Any suggested government-imposed prohibition on the public display of a particular symbol is likely to provoke responses opposing the proposition as being yet another expression of Australia’s increasing authoritarian drift.

However, according to NSW shadow counterterrorism minister Walt Secord, the proposal he recently tabled in his private members bill, which would ban the public exhibition of Nazi insignia, is needed due to rising expressions of authoritarian sympathies at the grassroots level.

“I expect that if I had stood in this chamber 50, 60 or 70 years ago and asked what the NSW parliament was doing to prevent the flying of Nazi flags, the likely answer would have been, “Who in Australia would ever display one or carry one in a public rally?” said Secord on introducing his bill.

The Labor MLC pointed to right-wing extremism having become a significant concern for ASIO, with the saluting of the Nazi flag being a cited practice.

Indeed, the chief domestic spying agency, as well as the AFP and NSW police, all report a spike in caseload targeting white nationalist groups.

Secord has moved on this issue based on a NSW Attorney General’s Department report – obtained via freedom of information laws – which found that over the two years to April 2020, 31 incidents of Nazi flags or symbols being publicly displayed had been reported to authorities.

No Nazi symbols

The hooked cross

Introduced on 13 October, the Crimes Amendment (Display of Nazi Symbols) Bill 2021 seeks to create a new offence specifically aimed at curbing public expressions of Nazi insignia, in recognition that they’re designed to intimidate.

As its explanatory memorandum explains, “The object of this Bill is to prohibit the public display of a symbol of, or associated with, the National Socialist German Workers’ Party, the Third Reich or neo-Nazism… except in certain circumstances.”

The bill seeks to insert new section 93ZA into the Crimes Act 1900 (NSW), which contains the offence prohibiting the public display of a Nazi symbol, with a maximum penalty of 6 months imprisonment and/or a fine of $5,500 applying to individuals, while a guilty corporation would face a $55,000 fine.

However, the Anti-Discrimination Board NSW president would be able to grant an exemption if a public display was “to be done reasonably and in good faith for” any “academic, artistic, scientific or research purposes in the public interest” and this can extend to discussion or debate.

The section defines a Nazi symbol as any insignia associated with the Nazi Party. This includes the flag and the Hakenkreuz, or the Nazi hooked cross as it’s referred to in the bill.

The Nazi hooked cross is an adaptation of the ancient swastika.

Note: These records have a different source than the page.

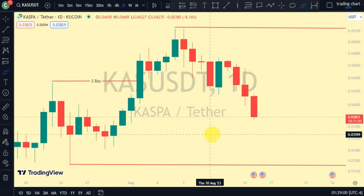Hey guys, welcome back to Clarity Chart Analysis. In this video I'll be using market structure to tell us our current position of Caspar on the price market chart, and also using market structure to predict the next possible move for Caspar. If you're new to this channel and you want to make money on both directions of the market and know our current position on the price market chart, this channel is for you — please subscribe, like, and turn on notifications.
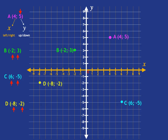Now let's look at our final point — an interesting one. Point E is at (0, 0). As always, we start at the origin. The X coordinate tells us to go zero steps left or right, so we don't move left or right at all. The Y coordinate is also zero, so we don't move up or down either. And so this point (0, 0) is the origin itself — that central spot where the two axes cross each other.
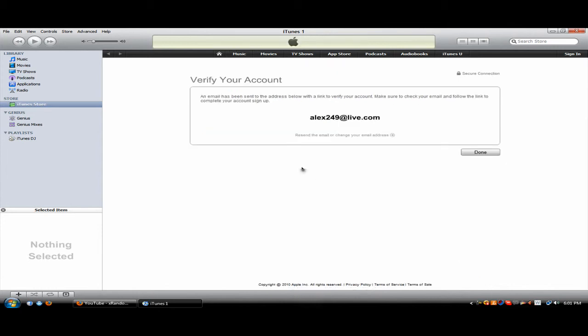And now you have to verify your account. So go to your email address and it might take a few hours for your email to arrive or it might not. In my case, I've done an account and it took a couple hours for my email confirmation link to arrive.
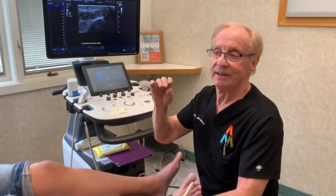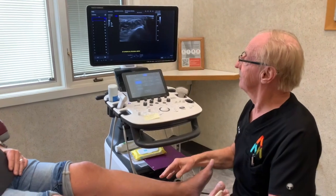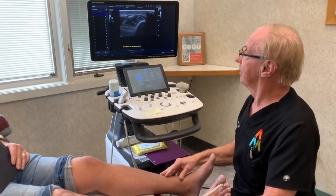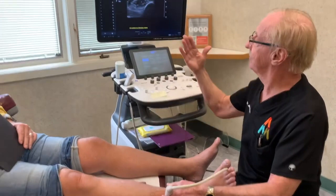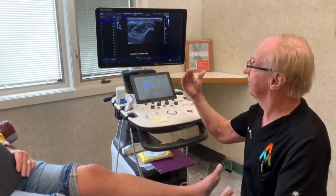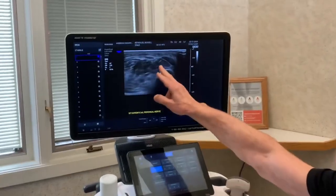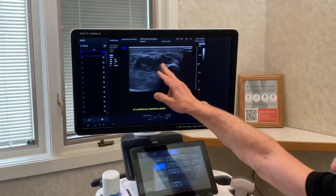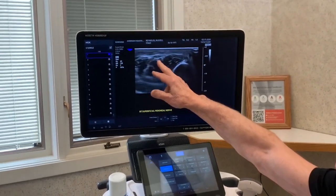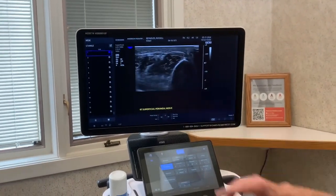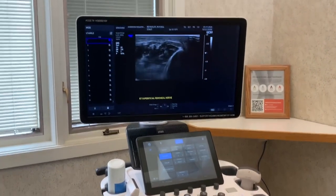I'm going to show you something fun. If you could move your foot up and down gently — there's the nerve. You can see all that surrounding tissue that's muscle, and there's the nerve sitting right above the muscle. So relax now.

This is a religious symbol, which is rotated at a 45 degree angle when associated with the Nazi Party.

The legislation makes clear that the ban does not apply to the regular use of the swastika within the Buddhist, Hindu or Jain traditions.

During his second reading speech on the bill, Secord outlined that the ban would further apply to other Nazi symbols, such as the Schutzstaffel, the Totenkopf and sonnenrad, “as well as neo‑Nazi symbols that did not exist at the time of the Nazi Party and the Third Reich”.

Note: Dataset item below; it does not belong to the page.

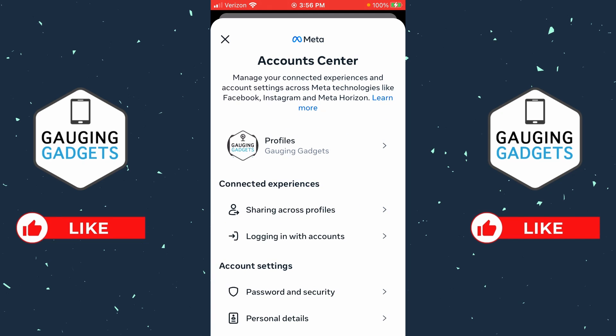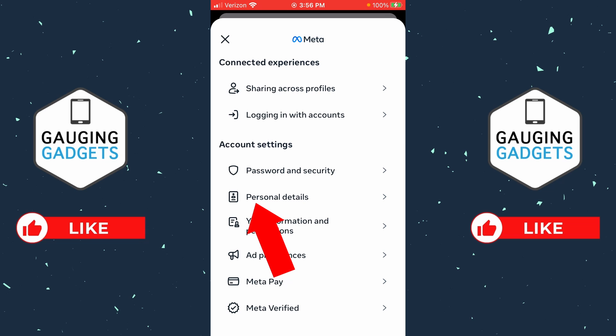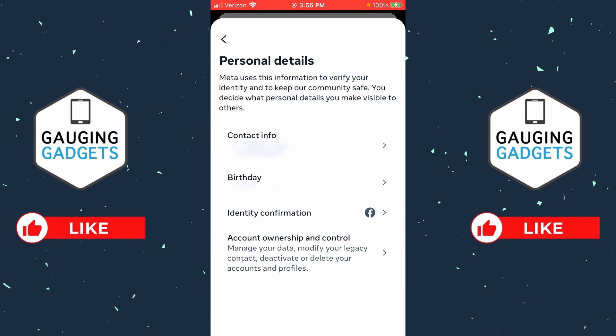Now that we're in the Account Center, scroll down and under Account Settings select 'Personal Details', and then we just want to select 'Contact Info'.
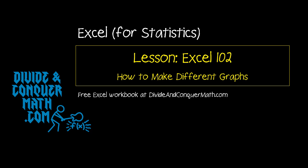Okay, so this is another video in my Excel 102 series. We're going to talk about how to make different graphs.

While a public act of display is defined in the bill as any written or visual communication, including on social media, as well as the wearing of Nazi insignia, or the distribution of material featuring it. The law also extends to public displays on private land.

Ongoing ineffectiveness

Secord outlined in parliament that while NSW already has an existing framework of laws designed to prevent racial vilification, they’re obviously not preventing the display of Nazi symbols in public.

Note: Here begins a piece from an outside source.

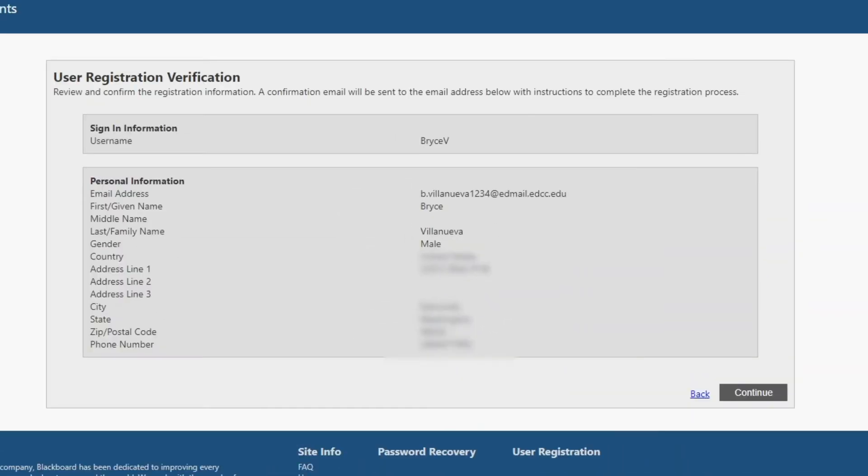The next page will confirm your information. Review the information you have provided to ensure everything is correct, then click on Continue.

This framework of laws includes recently introduced section 93Z of the Crimes Act, which replaced earlier anti-vilification laws that had led to no prosecutions over their 30 year lifespan.

Section 93Z makes “publicly threatening or inciting violence on grounds of race, religion, sexual orientation, gender identity or intersex or HIV/AIDS status” a crime, which carries up to 3 years inside and/or a $11,000 fine for an individual, while corporations face $550,000 fines.

The attorney general’s report further indicated that since this law came into effect in August 2018, 112 anti-Semitic incidents had been reported in NSW, including the 31 instances of displaying the Nazi flag or symbol. However, not a single charge has been laid in relation to any of these instances.

A rising threat

ASIO director general Mike Burgess stated in October 2020 that 30 to 40 percent of his agency’s workload over that year so far had consisted of monitoring right-wing extremism.

While last week saw the Home Affairs Department list a neo-Nazi group as a proscribed terrorist organisation for the second time since the federal government has been compiling the list.

In October, the Australian Federal Police Joint Terrorism Team announced that its caseload targeting white supremacist groups had risen by 750 percent over the 18 months prior. And this now accounts for 15 percent of its total investigative work.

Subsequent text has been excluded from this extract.